- [Assignment]
An exact transcription of all the data is required; the pictures are to be left out.

- [Data section]
[Start of section]

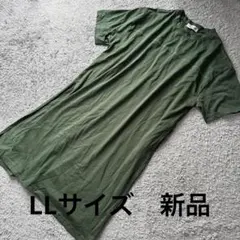 大きいサイズ ステッチデザインtシャツワンピース緑 LL 新品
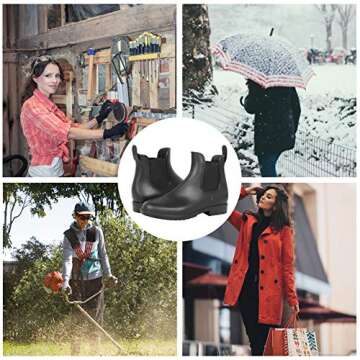 DAWAN Women's Anti-Slip Rain Boots Short Garden Shoes Waterproof Chelsea Booties Black 5.5 US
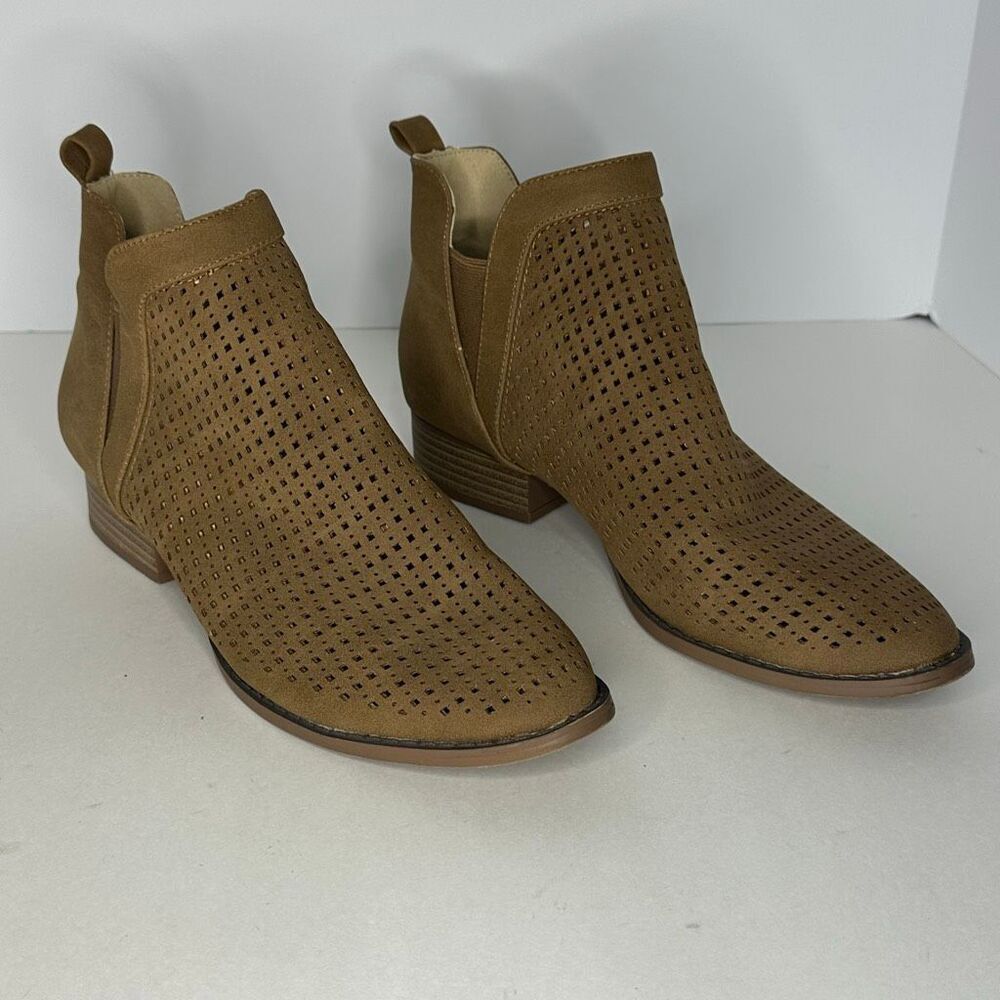 Restricted Perforated suede ankle booties Tan | Women Size 8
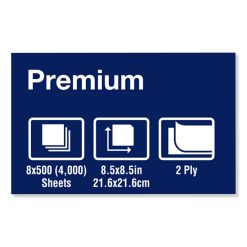 Tork Premium Xpressnap Interfold Dispenser Napkins, 2-Ply,8.5x8.5,White,500/PK,8PK/CT -Costway Shop 632833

[End of section]

- [Result below]
 大きいサイズ ステッチデザインtシャツワンピース緑 LL 新品
 DAWAN Women's Anti-Slip Rain Boots Short Garden Shoes Waterproof Chelsea Booties Black 5.5 US
 Restricted Perforated suede ankle booties Tan | Women Size 8
 Tork Premium Xpressnap Interfold Dispenser Napkins, 2-Ply,8.5x8.5,White,500/PK,8PK/CT -Costway Shop 632833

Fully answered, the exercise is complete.